Bill showed up in my office shortly thereafter. “Do you understand who earns the money so you can be paid every month? It’s the rig crews. They are the life blood of the firm. People like you are a dime a dozen. I could find your replacement in a week. I want you to understand when an employee working on our rigs needs something, they will get it. We love these people. Not only am I authorizing the charter jet to London, we will pay for the family to go to London to be with him. Do you get it?” He was angry, and I was embarrassed.
Thinking his next sentence would be to fire me, all I could say was, “Yes sir.” Bill left my office, slamming the door behind him. I approved the private jet.
He didn’t just teach me about that company’s values. I thought, this was an extravagant gesture, but later concluded that it was an act of extravagant love for the employee and his family. He showed me tough love and forgiveness, all in the same breath.
Not only did I not get fired, I stayed for seven more years. I learned what was a valuable life lesson and over time came to appreciate what it meant to love your employees. Employees of that firm knew they would be treaty fairly based on their particular circumstances. The company policy manual was extremely brief, leaving little for managers to hide behind. Virtually all decisions were based on merits, not rules in a policy manual. This came as a shock to me, particularly after having worked with a company like Exxon, whose policies filled the equivalent of an encyclopedia set.
These values came with bottom-line benefits as well: lower turnover than the rest of the drilling industry, high trust levels, tremendous employee loyalty; the firm’s people loved the firm because the firm loved them. There was no executive turnover in the seven years I was there. And this was the same firm that created a job for me when mine had been eliminated (see blog entry, Integrity Squandered). Love is contagious. The love you give will come back to you in multiples.
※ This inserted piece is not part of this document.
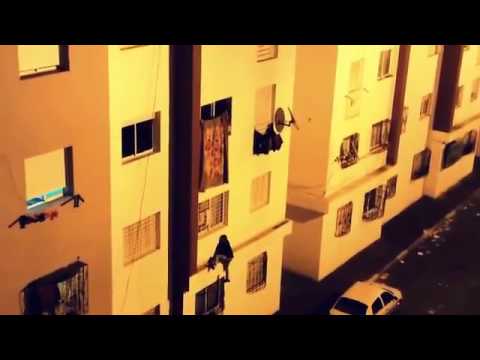ص غسيل يخاطر من أجل سرقة بطانية في الطابق الثاني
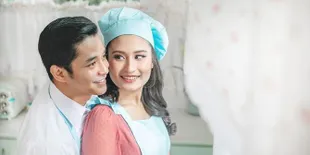 Foto Bareng Angbeen Rishi, Adly Fairuz Pamer Kecantikan Sang Istri yang Belum Mandi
But a loving culture is hard to establish if there is already a strong culture in place. For Reading & Bates, the culture was driven by Bill Kent. He was passionate and relentless. His love for his employees was coded in the company’s DNA, something I got to witness firsthand, for which I am still grateful. I know that approaching any situation with an attitude of love and forgiveness always results in better outcomes.
I thought of Bill Kent when I appreciated a recent instance in politics in which an expression of kindness crushed the opponent. Kindness is so unusual in politics that it made the papers, You Tube, Facebook, and most other popular media. In the October 9, 2013, edition of the Washington State newspaper, The Examiner, I read the following:
“It appears that Gov. Chris Christie, R-N.J. is sticking to the bipartisan charm that heavily boosted his approval ratings in his re-election campaign.
During the end of his debate with New Jersey Democratic State Senator Barbara Buono, the debate moderator asked each candidate to say something nice about their opponent. Buono took the opportunity to ding Christie for his appearances on late night television.
‘Well he’s good on late night TV, he’s just not good for New Jersey,’ she said as the crowd cheered.
Christie replied seriously, praising Buono for her public service.
‘She’s obviously a good a caring mother and someone who cares deeply about public service in the state and she’s dedicated a lot of her life to it,’ Christie said. ‘And while we have policy disagreements, Christine, I would never denigrate her service and I think we need more people who care enough about our communities to be able to stand up and do the job that she’s done over the past 20 years,’ he said.
Although Christie is currently under the cloud of “Bridgegate,” I thought this was an example of real class.
It’s such a simple business idea–treating people with love, respect, and forgiveness. Kindness is so powerful. I can attest to the fact that extravagant love works for all relationships. I wish I had learned the lesson much earlier in my life.